:: Goal of the exercise ::
From the line that contains "Erkek Çocuk Oversize" through the line that contains "100% alpaca fingerless glove taupe", output every line of the listing below exactly and leave out all the rest.

:: Entries supplied ::
....
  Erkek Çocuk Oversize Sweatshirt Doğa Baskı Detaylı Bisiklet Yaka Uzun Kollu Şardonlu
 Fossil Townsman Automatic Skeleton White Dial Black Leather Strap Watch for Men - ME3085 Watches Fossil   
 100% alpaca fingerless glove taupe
....
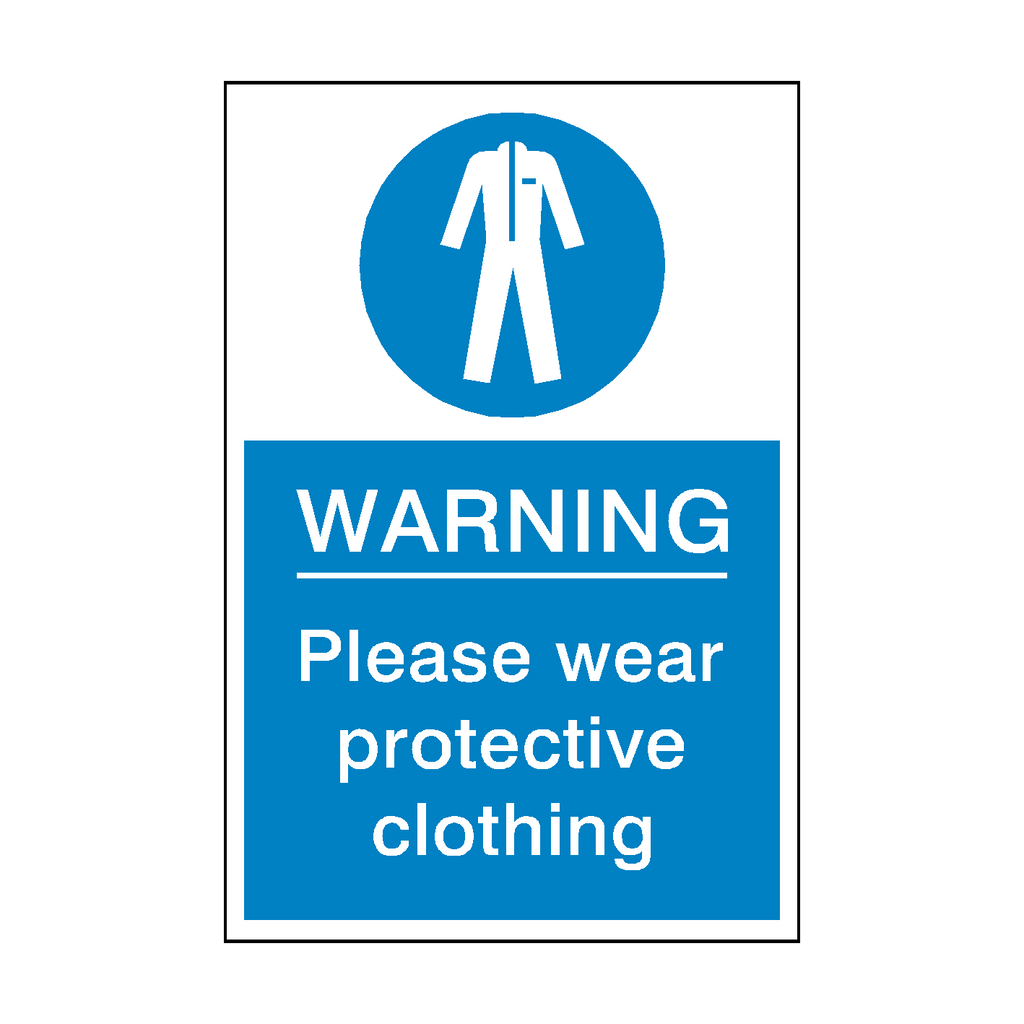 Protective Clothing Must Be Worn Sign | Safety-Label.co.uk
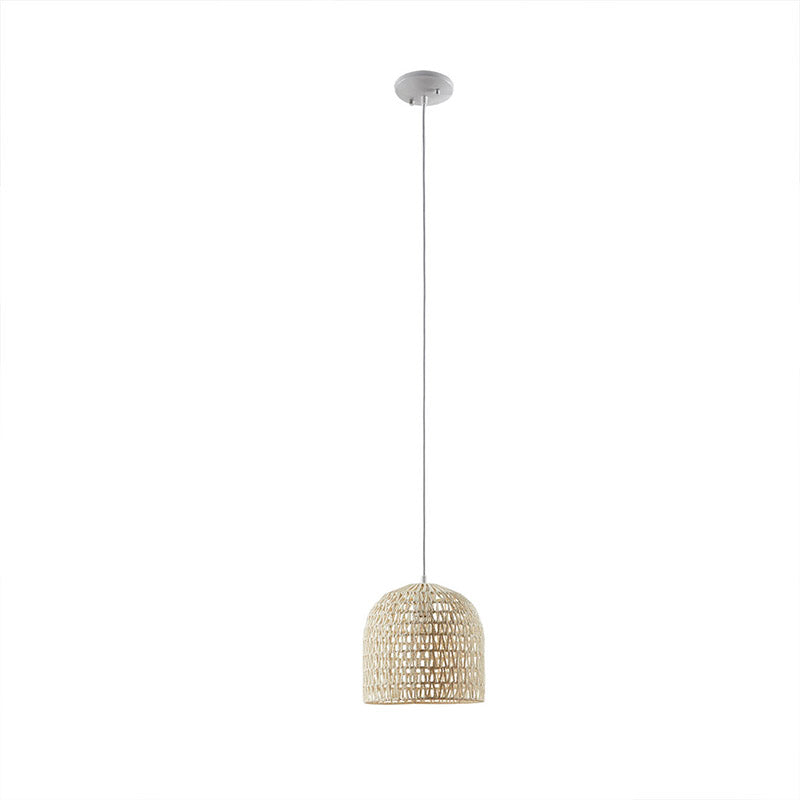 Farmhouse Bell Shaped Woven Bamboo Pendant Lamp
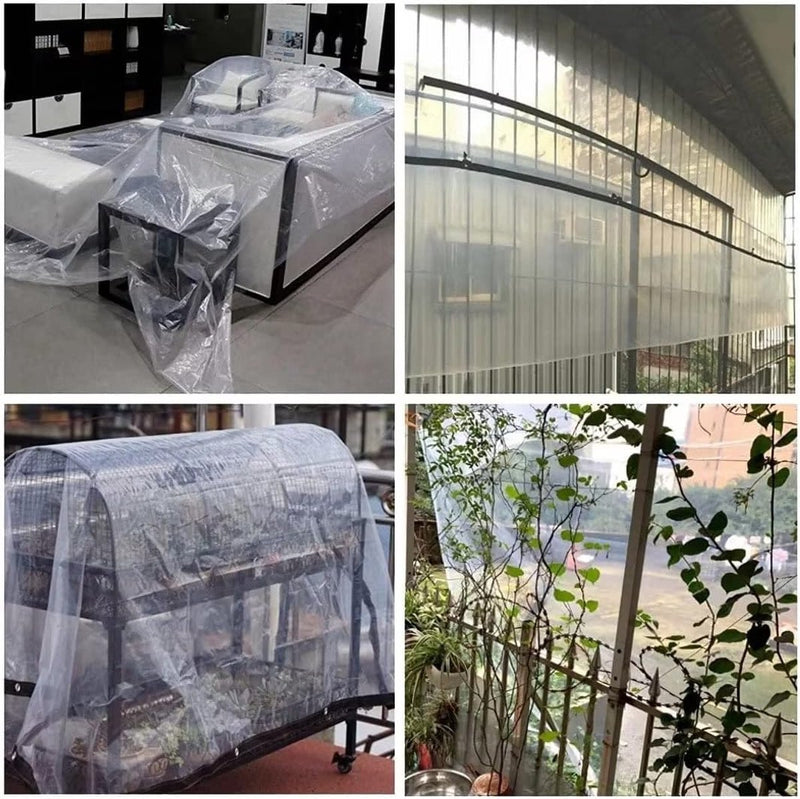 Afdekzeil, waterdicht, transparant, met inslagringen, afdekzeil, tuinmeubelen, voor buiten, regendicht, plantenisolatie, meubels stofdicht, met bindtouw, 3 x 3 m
....
:: Response to the exercise ::
  Erkek Çocuk Oversize Sweatshirt Doğa Baskı Detaylı Bisiklet Yaka Uzun Kollu Şardonlu
 Fossil Townsman Automatic Skeleton White Dial Black Leather Strap Watch for Men - ME3085 Watches Fossil   
 100% alpaca fingerless glove taupe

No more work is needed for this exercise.